* _Assignment_: Your answer must be an exact copy of the records below, minus the pictures.

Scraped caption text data
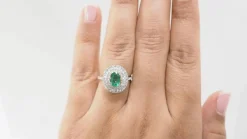 Bague double entourage en or bicolore, émeraude ovale et diamants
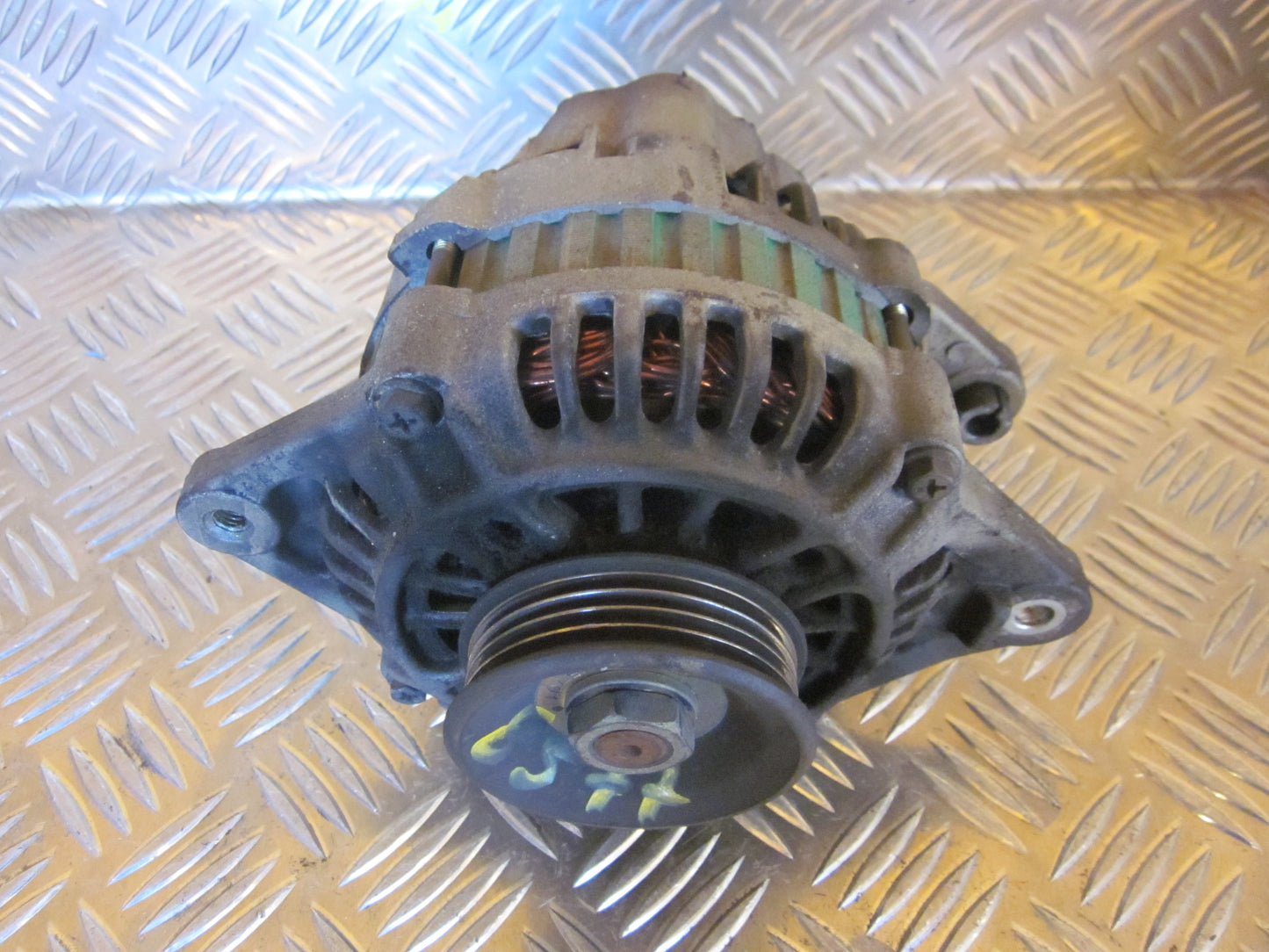 Hyundai Pony Generator Med OEM Nr. AB175053 Fra Hyundai Ophugger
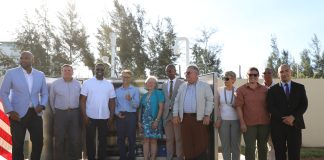 Regan inaugura monitor da qualidade do ar da embaixada dos E.U.A. em Moçambique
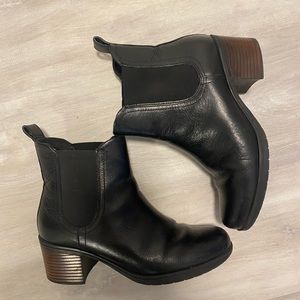 Clarks Chelsea Boots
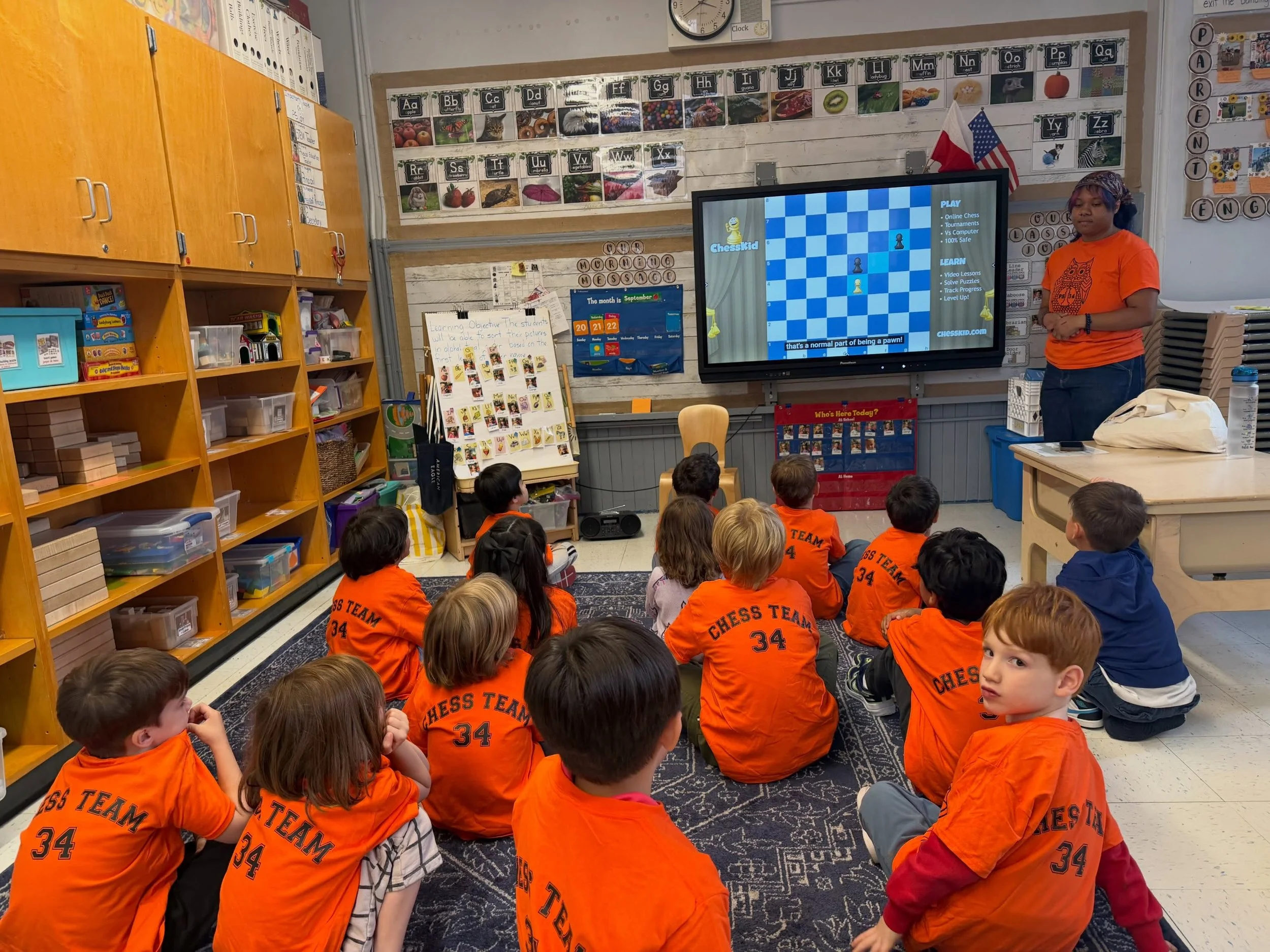 Ps 34 Owls launching their first of the Fall semester! Owls are ready for another great year 🦉

#ps34chess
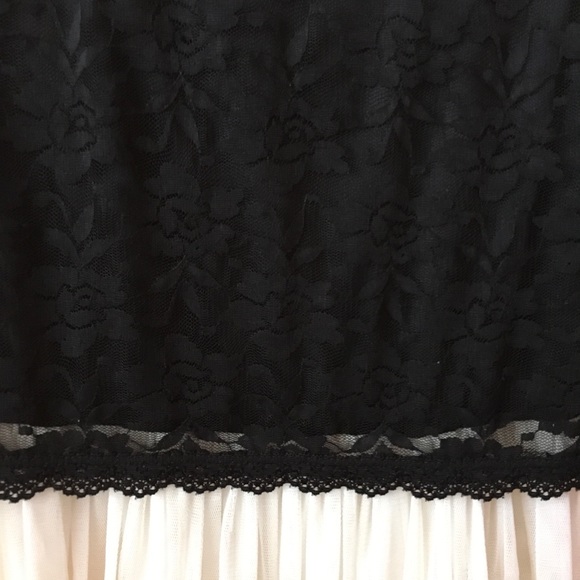 B.Smart(S)Black lace dress with white flowy bottom - Picture 6 of 7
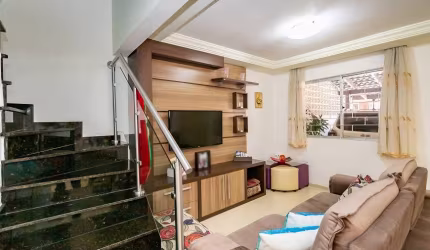 Casa com 3 Quartos e 2 banheiro à Venda, 135m²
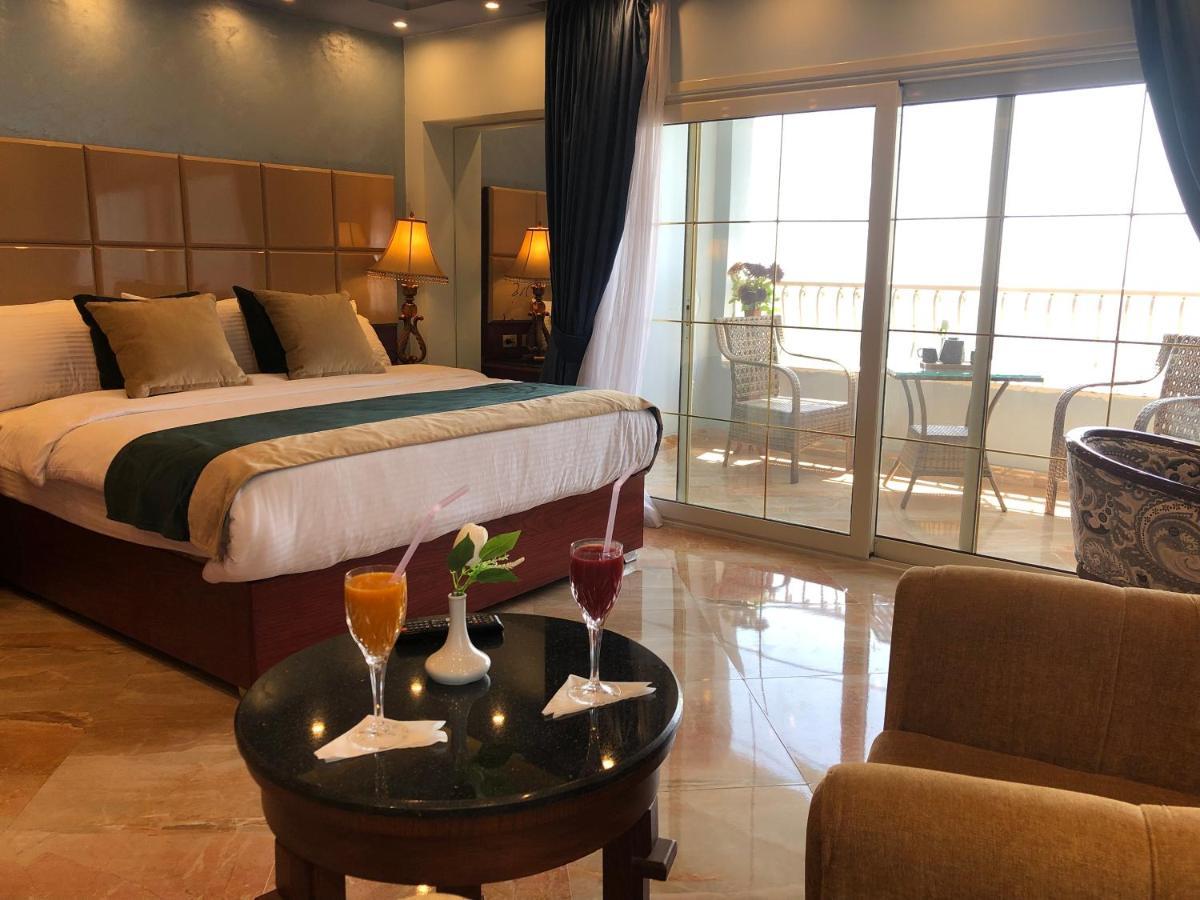Pyramids Nile Tower Hotel Кайро Екстериор снимка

* _Task output_:
 Bague double entourage en or bicolore, émeraude ovale et diamants
 Hyundai Pony Generator Med OEM Nr. AB175053 Fra Hyundai Ophugger
 Regan inaugura monitor da qualidade do ar da embaixada dos E.U.A. em Moçambique
 Clarks Chelsea Boots
 Ps 34 Owls launching their first of the Fall semester! Owls are ready for another great year 🦉

#ps34chess
 B.Smart(S)Black lace dress with white flowy bottom - Picture 6 of 7
 Casa com 3 Quartos e 2 banheiro à Venda, 135m²
Pyramids Nile Tower Hotel Кайро Екстериор снимка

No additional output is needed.